→ Task objective:
Keep the text of the data exactly as it is and omit each picture from the copy.
BEGIN
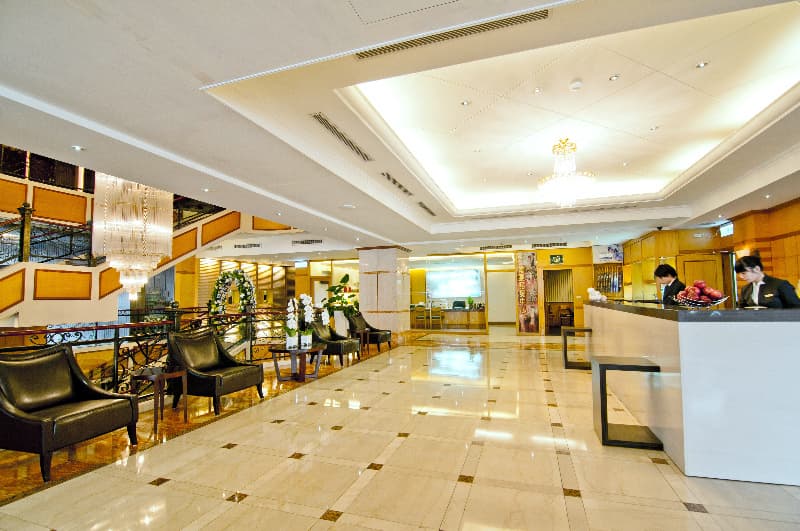 The Carlton Hotel 4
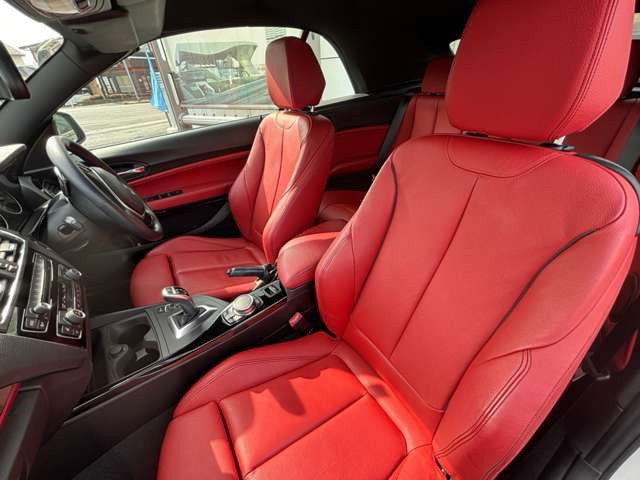 2シリーズカブリオレ220i Mスポーツ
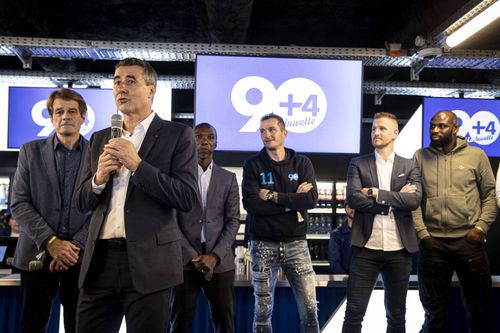 Marc Keller, președintele lui RC Strasbourg, la o întâlnire cu fanii / Foto: Imago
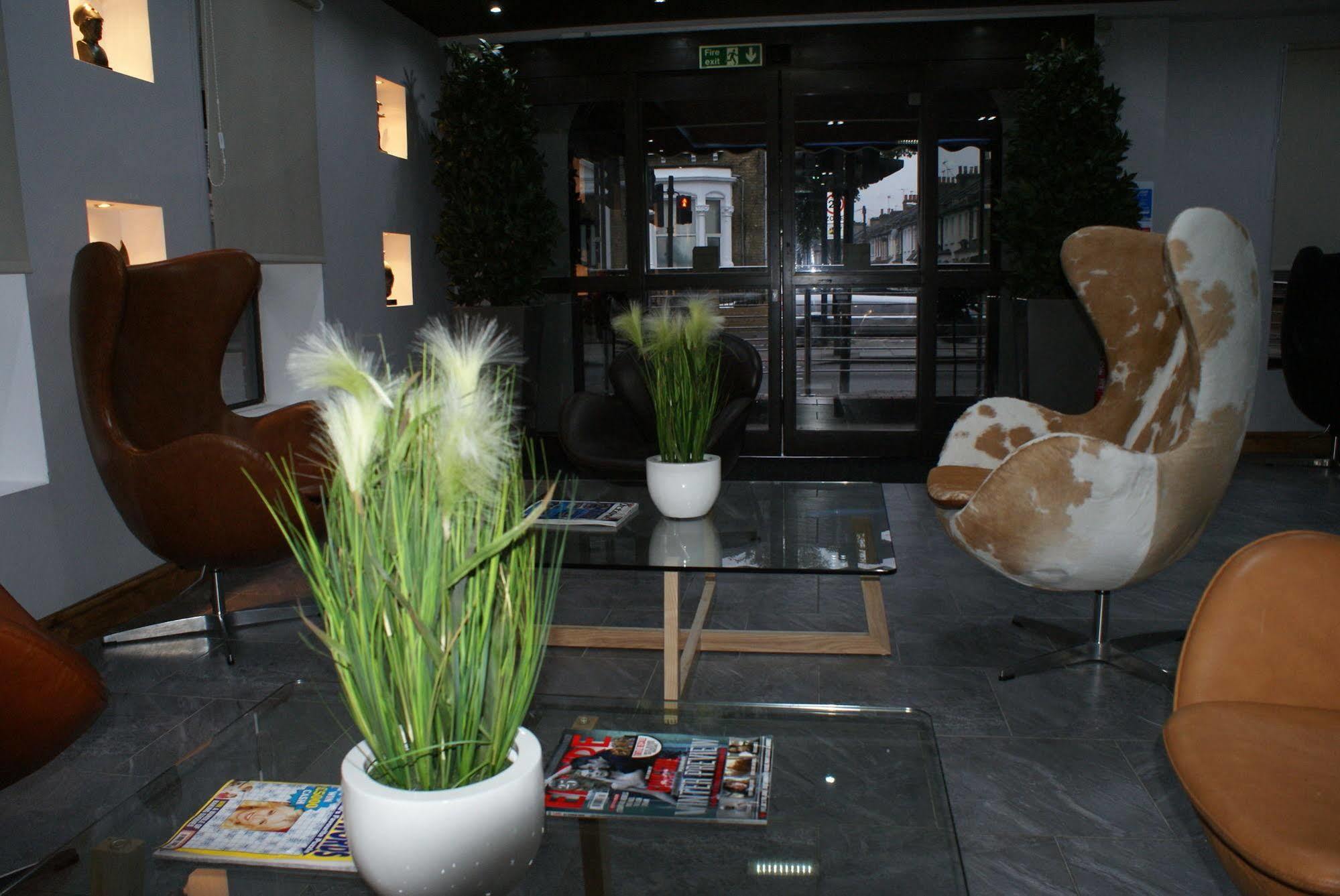 Hotel Epsilon 3*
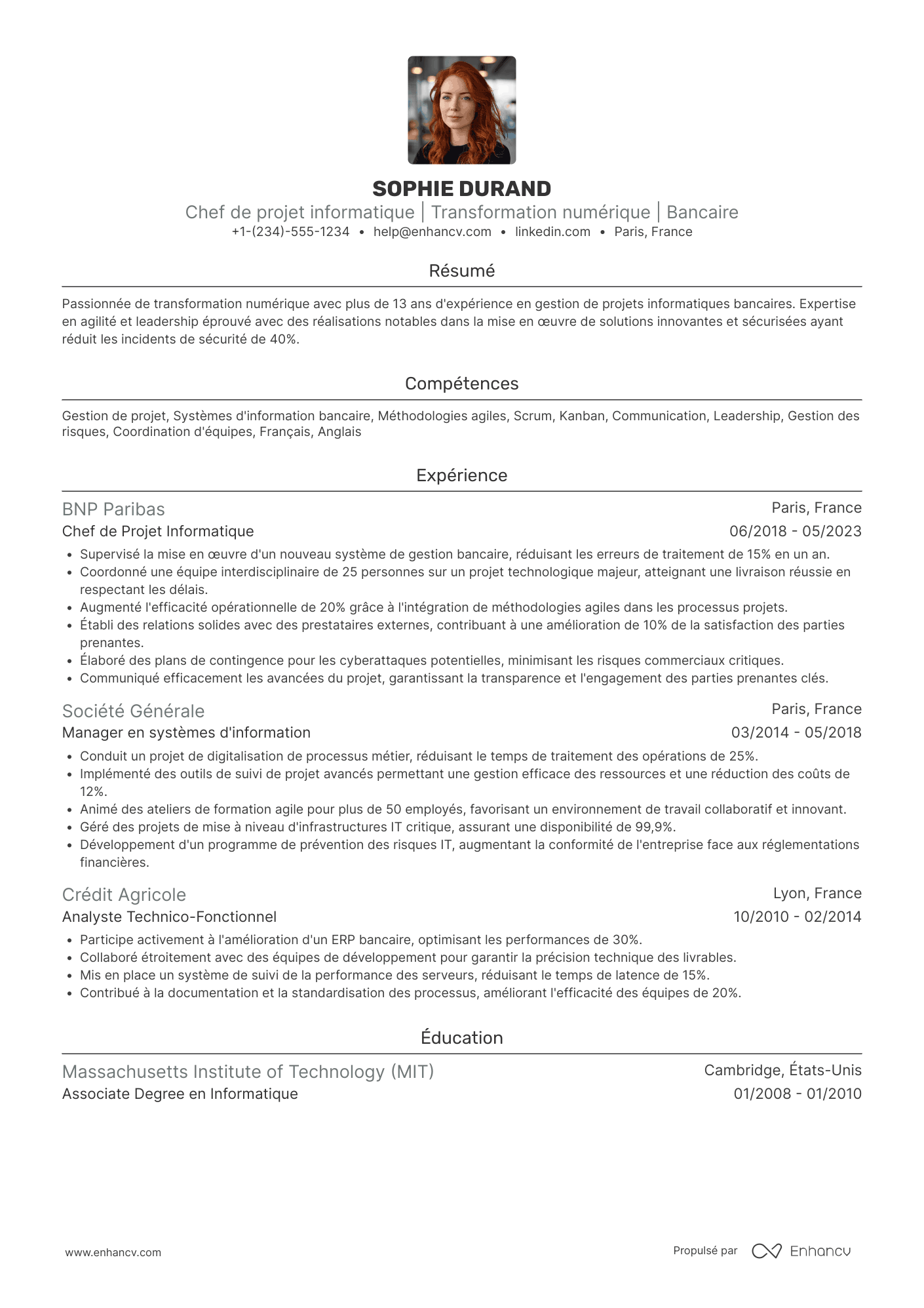 CV de chef·fe de projet informatique dans le secteur bancaire Resume Example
END
→ The completed task:
 The Carlton Hotel 4
 2シリーズカブリオレ220i Mスポーツ
 Marc Keller, președintele lui RC Strasbourg, la o întâlnire cu fanii / Foto: Imago
 Hotel Epsilon 3*
 CV de chef·fe de projet informatique dans le secteur bancaire Resume Example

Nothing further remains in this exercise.